Adana’daki TIR skandalıyla tam anlamıyla ayyuka çıkan devlet içindeki casusluk çetesinin faaliyetlerini saymakla bitiremeyiz. Önümüzdeki günlerde TIR iddianamesinin tamamlanması sonrası bu çetenin yapılanmasını da göreceğiz diye düşünüyorum.
Adana’daki olayı bir kenara bırakıp bugünlerde çok sık gündeme gelen dinleme faaliyetlerine geçelim. Özel hayatın mahremiyeti açısından vazgeçilmez olan internet düzenlemesine her ne kadar bazı kesimler sıkı muhalefet etse de düzenlemenin bu görüntü ve dinlemelerden musdarip olan bu kesimin işine geldiğini söylemek zor değil.
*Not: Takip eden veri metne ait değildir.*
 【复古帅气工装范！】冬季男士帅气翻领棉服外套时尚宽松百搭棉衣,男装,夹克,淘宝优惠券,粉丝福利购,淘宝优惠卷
Buradaki muhalefetin “Özgürlükler elden gidiyor” yaygarasıyla iktidarı yıpratmak amacıyla yapıldığı da şüphe götürmez bir gerçek.
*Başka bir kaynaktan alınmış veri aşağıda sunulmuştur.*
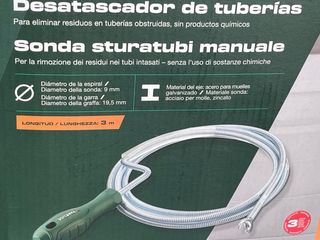 Desatascador de tuberías manual Parkside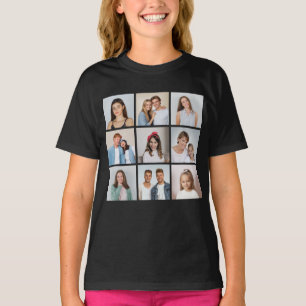 T-shirt Créez votre propre collage de 9 photos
Bugün belki yapılan dinlemeler, ortaya saçılan telefon konuşmalarından nemalananlar olabilir. Çünkü bu dinlemeler 17 Aralık operasyonundan çok daha önce planlı bir şekilde yapılmış.
Düşünün ki 300 kişinin çalıştığı bir kurumun başındasınız. Telekomünikasyon İletişim Başkanlığı’ndan (TİB) bahsediyorum. Bu kurumun başkanısınız. Bu kurum telefon dinlemelerini yapan bir kurum. Kimi, neden dinlediğinizi kurumun başındaki ismin bilmesi gerekiyor. Ancak, bundan önceki başkanın yaşadıklarından bahsediyorum, personeliniz kayıtları size açmıyor. Hatta bazı odalara “Yetkiniz yok” diyerek girmenize izin vermiyor.
Evet, daha önceki TİB Başkanı bire bir bunları yaşadı. Devlet içine çöreklendiği görülen bu ‘paralel yapı’ bütün ülkeyi dinlerken her türlü hukuksuzluğa imza atıyor. Bu da yetmiyormuş gibi, kurumda yapılan yeni düzenleme sonrası görevlerine son verilenler, giderken yaptıkları bütün kayıtları da beraberinde götürüyor.
Bu konuyla ilgili soruşturma tüm hızıyla devam ediyor. Adli süreç de herkesi dinleyen bu paralel ağı ısrarla takip edecek.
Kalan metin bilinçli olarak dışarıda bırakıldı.